La trame du livre est faite de sauts temporels, de 1981 à 2011, puis la fin des années 70 et le milieu des années 2000. Il n’y a aucune difficulté à suivre cet enchevêtrement, presque davantage à
différencier Alice de Cécile et vice-versa, tant elles sont comme deux facettes d’une même personne.
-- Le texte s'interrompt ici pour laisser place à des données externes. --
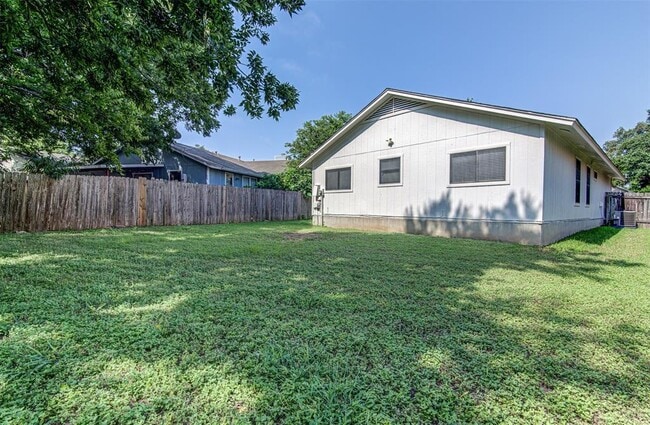 Building Photo - 13001 Campos Dr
L’une vit dans une famille éclatée, l’autre dans une fratrie de trois sœurs, mais dès lors
qu’elle se sont retrouvées au collège, rien ne semble devoir les séparer.
Pourtant, les passages contemporains nous montrent les deux femmes éloignées l’une de l’autre, et même brouillées irrémédiablement. Cécile dans le coma, après un accident, et Alice peinant à
tenir debout à la suite d’une rupture avec son compagnon de longue date.
On aurait pu craindre que l’auteur n’épilogue sans fin sur les raisons de cette désaffection réciproque. Le roman est plus et mieux que cela, un retour nostalgique sur le début des années 80, les
parcours de deux femmes par rapport à leurs idéaux de jeunesse, les illusions perdues qui les détournent l’une de l’autre. Ce sont des amoureuses de la littérature, des arts, aussi leurs amours,
et peut-être aussi leur amitié, sont-elles parfois plus imaginaires que réelles.
Lorsque Cécile rencontra Eric, une nouvelle ère commença. Alice passa beaucoup de temps avec le couple, puis on lui présenta Patrick. Ils se plurent tout de suite. Leur relation fut
houleuse. Ils se disputaient. Il aimait séduire, elle était jalouse et lui faisait des scènes interminables. Quand cela prenait fin, exsangue, elle lisait et relisait Proust, les pages qui ne
parlaient que de ça, la jalousie de Swann, celle du narrateur, les mensonges d’Odette et d’Albertine. Elle lisait L’ennui de Moravia. La littérature densifiait ce qu’elle vivait, lui donnait de
la valeur.
J’avoue ne pas être très intéressée dans les romans par les tourments adolescents, même très bien racontés comme ceux-ci, je n’ai pas le moins du monde la nostalgie de cette époque. Aussi ai-je
été plus touchée par les réflexions adultes d’Alice et de Cécile, par la révélation des secrets non partagés qui ont fini par les éloigner l'un de l'autre. Pourtant, je suis sûre que d’autres au
contraire apprécieront davantage la petite musique mélancolique qui s’échappe de certaines pages.
Bref, quand vous l’aurez lu, revenez m’en parler ! Je vous attends !
Un grand merci à Chantal des éditions Sabine Wespieser.